André J. Roy: It's about people coming together. The Cecilia String Quartet called me and asked if I'd consider being their coach. I was in touch with one of our great benefactors here, Constance Pathy, and she helped the Cecilia Quartet join McGill. She was very interested in founding an academy or something of the sort here in Montreal, but there we were in April and the professors I was looking for were booked two or three years in advance—they're big names. I was organizing the academy in May and June to be ready in August. It was absurd! I had a long conversation with Gerhard [Schulz], explaining what we wanted to do with the academy and he saw it as a place to grow and develop the next generation of string quartets. I was very lucky he accepted to do a few days that first year.

MISQA Director, André J. Roy
LSM: The academy's rapid expansion attests to its increasing success over the years. When did you know you had something special?

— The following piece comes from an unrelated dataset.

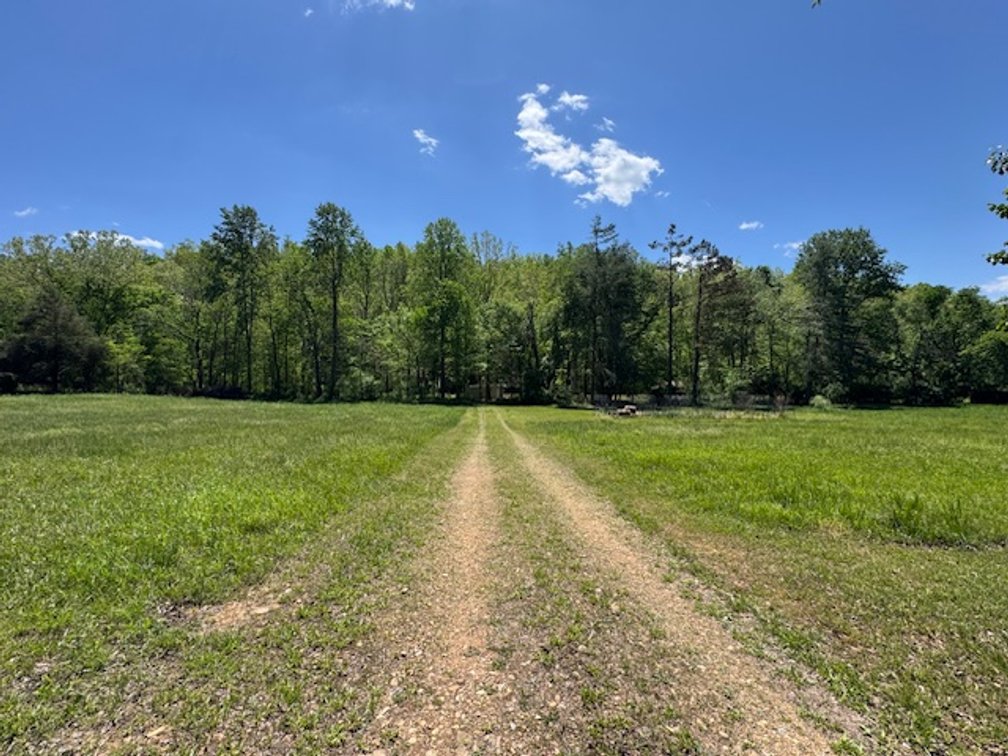 Image for Creekside Haven - Cabin on Bells Branch Creek w/ 3.76 acres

AJR: So we did the first academy. The Cecilia and I went to the Banff competition and, as if from a movie script, they went on to win first prize. It sparked interest from a lot of people asking, “Who are these guys in Montreal?”

LSM: What does the academy consider when selecting its participants?

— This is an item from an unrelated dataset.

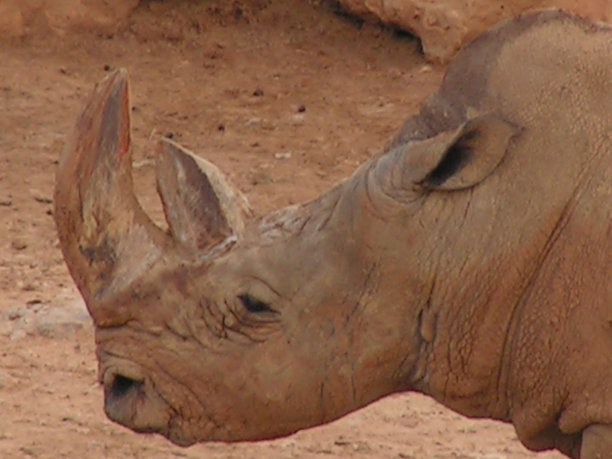 犀牛肖像角图片下载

AJR: Senior groups must be involved in the international scene, while the junior ones are quartets that will eventually be selected for international competitions.

LSM: And how do you go about choosing professors?

AJR: You know who's out there, then you talk to people a year or two in advance. We have [amongst eight professors] the two violinists from the Alban Berg Quartet and the cellist of the Cleveland Quartet: monumental quartets and musicians. They have all trained quartets who have won international competitions and are extremely devoted to teaching.

LSM: What does a typical workshop look like?

AJR: In the mornings, from 10 a.m. to 1 p.m., we have private coaching sessions. I always try to have two violinists, a violist and a cellist at least present during that week—if you have someone who has made a career at being a second violinist, they will know everything in the repertoire inside out. Then, from 2 p.m. to 5 p.m., one of the teachers will give a master class. The rest of the time [participants] practice individually and with their quartet.

LSM: What goals do the MISQA set for its participants? 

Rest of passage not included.